あの頃、レモンハートで BARで飲みたい31の名酒 古谷三敏・古谷陸

●あの頃、レモンハートで BARで飲みたい31の名酒 古谷三敏・古谷陸

 漫画「BARレモンハート」の作者である古谷三敏氏が、31種類のお酒をイラスト付きで紹介、そのお酒にまつわるエピソードを書く。氏の孫である古谷陸氏によるワンポイント解説も。エピソードにまつわる漫画「BARレモンハート」も3編含まれている。

 

 正月にBSフジでドラマ「BARレモンハート」の最新作が放映された。これまで放送された全作品を見ているが、見終わった後に本作があることを知り、早速読んでみた。
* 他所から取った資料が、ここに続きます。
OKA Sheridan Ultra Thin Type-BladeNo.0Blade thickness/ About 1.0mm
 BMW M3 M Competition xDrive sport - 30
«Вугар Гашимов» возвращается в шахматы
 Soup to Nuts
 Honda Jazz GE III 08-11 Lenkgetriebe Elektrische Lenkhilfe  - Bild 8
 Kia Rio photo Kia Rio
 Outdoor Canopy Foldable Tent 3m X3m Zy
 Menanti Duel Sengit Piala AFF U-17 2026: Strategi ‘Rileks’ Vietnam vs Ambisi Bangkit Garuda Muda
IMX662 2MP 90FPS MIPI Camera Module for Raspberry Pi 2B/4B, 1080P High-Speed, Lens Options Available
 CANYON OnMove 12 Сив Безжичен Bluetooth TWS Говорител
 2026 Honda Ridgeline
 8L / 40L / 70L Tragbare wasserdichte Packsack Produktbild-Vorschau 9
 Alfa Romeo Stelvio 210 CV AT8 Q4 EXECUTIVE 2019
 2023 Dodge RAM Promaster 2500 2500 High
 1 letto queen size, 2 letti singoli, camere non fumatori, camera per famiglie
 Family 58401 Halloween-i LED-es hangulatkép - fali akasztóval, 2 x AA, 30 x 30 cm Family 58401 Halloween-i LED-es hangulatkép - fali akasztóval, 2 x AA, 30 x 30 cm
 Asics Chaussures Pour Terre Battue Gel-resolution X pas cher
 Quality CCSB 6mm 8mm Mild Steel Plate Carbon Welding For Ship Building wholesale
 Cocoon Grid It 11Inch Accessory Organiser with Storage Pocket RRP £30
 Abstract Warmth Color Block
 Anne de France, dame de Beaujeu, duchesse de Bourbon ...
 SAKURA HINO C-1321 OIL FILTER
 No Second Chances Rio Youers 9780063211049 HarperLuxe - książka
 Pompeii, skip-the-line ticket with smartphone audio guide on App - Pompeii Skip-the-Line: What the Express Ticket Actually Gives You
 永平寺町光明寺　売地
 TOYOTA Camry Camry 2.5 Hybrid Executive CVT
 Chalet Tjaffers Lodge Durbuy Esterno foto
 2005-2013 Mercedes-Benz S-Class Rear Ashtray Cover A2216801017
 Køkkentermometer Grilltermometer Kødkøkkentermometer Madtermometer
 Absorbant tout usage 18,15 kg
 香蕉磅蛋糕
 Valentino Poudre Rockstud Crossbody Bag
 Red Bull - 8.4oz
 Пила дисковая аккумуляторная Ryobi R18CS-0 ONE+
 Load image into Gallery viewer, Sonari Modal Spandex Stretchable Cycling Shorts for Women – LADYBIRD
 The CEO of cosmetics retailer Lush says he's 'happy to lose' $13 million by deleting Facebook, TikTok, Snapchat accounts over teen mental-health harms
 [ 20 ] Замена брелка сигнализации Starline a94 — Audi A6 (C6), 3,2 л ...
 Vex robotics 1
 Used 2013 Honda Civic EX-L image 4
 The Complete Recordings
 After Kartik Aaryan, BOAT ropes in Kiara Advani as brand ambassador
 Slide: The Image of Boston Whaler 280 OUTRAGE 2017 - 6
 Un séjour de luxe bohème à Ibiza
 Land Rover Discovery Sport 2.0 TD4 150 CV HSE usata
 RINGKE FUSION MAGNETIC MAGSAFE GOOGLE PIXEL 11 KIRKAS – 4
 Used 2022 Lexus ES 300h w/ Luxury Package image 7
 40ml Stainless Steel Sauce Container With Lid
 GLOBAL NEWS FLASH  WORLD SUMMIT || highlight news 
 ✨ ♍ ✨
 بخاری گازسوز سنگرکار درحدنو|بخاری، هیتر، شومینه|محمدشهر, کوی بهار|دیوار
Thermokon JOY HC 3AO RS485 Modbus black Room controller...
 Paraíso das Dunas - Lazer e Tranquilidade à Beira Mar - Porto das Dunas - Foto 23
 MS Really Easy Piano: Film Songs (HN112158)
 古谷氏がお酒(カクテルなども含む)を紹介しつつ、その酒にまつわるエピソードを披露する形をとっているエッセイ集。

 酒を探して旅した話、満州での少年時代、手塚治虫赤塚不二夫のアシスタント時代、同世代の漫画家たちとの思い出、漫画と同名の店「BARレモンハート」のこと、などエピソードの種類は豊富で面白い話も多い。

 驚いたのは、赤塚不二夫のアシスタント時代に、天才バカボンのギャグを古谷氏が考えていたというエピソード。漫画「BARレモンハート」は相当読んだが、その中のギャグは正直あまり笑えないものも多い(笑 しかしよく考えてみれば「ダメおやじ」の著者でもある古谷氏なのだから、ギャグセンスがあって当たり前なのかも。

 面白かったのは、実際の店「BARレモンハート」にまつわる、あるエピソード。ミントハーブを自家栽培し、それを店に持ち込んでモヒートを作ってもらおうと運んでいた際に警察官に職務質問され、事情を理解してもらうまでにだいぶ時間がかかったとのこと。タチの悪い警官に捕まった話かと思いきや、当日がオウムによるサリンテロ予告の日だったというオチ。忘れつつある重大事件を思い起こさせてくれた。

 

 ドラマ「BARレモンハート」も面白かったが、漫画の方も久しぶりに読みたくなってきた。